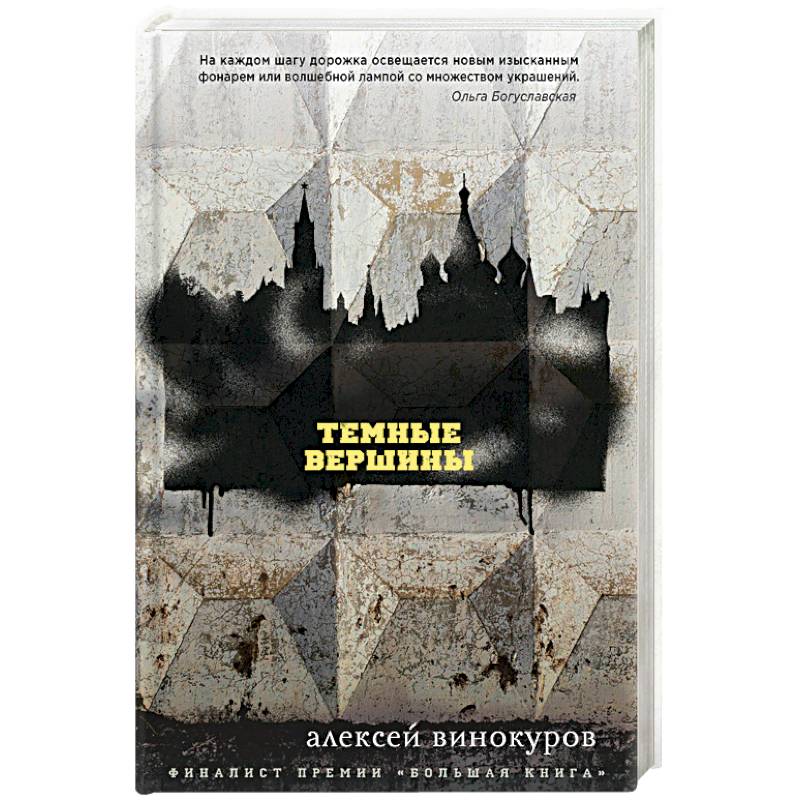 Темные вершины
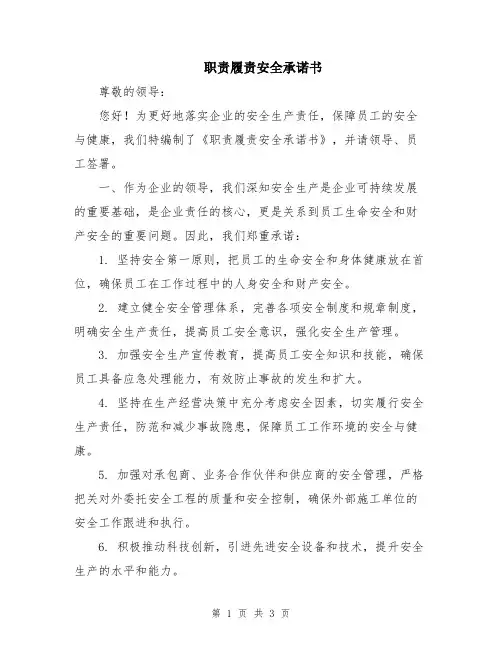 职责履责安全承诺书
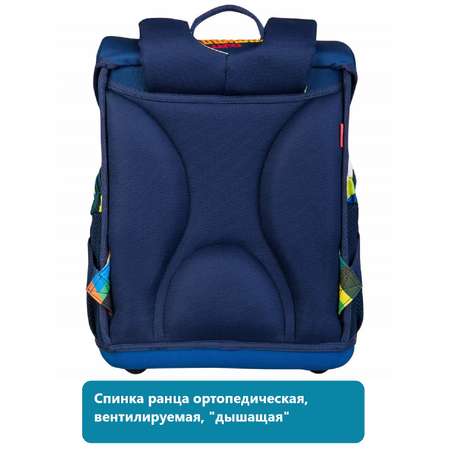 Ранец Target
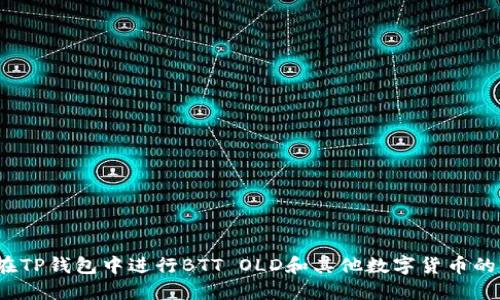 如何在TP钱包中进行BTT OLD和其他数字货币的兑换？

__________

WHAT IS NEEDED ::
Omit pictures and output the listing exactly.

EXERCISE RESULT ::
 Темные вершины
 职责履责安全承诺书
 Ранец Target
 如何在TP钱包中进行BTT OLD和其他数字货币的兑换？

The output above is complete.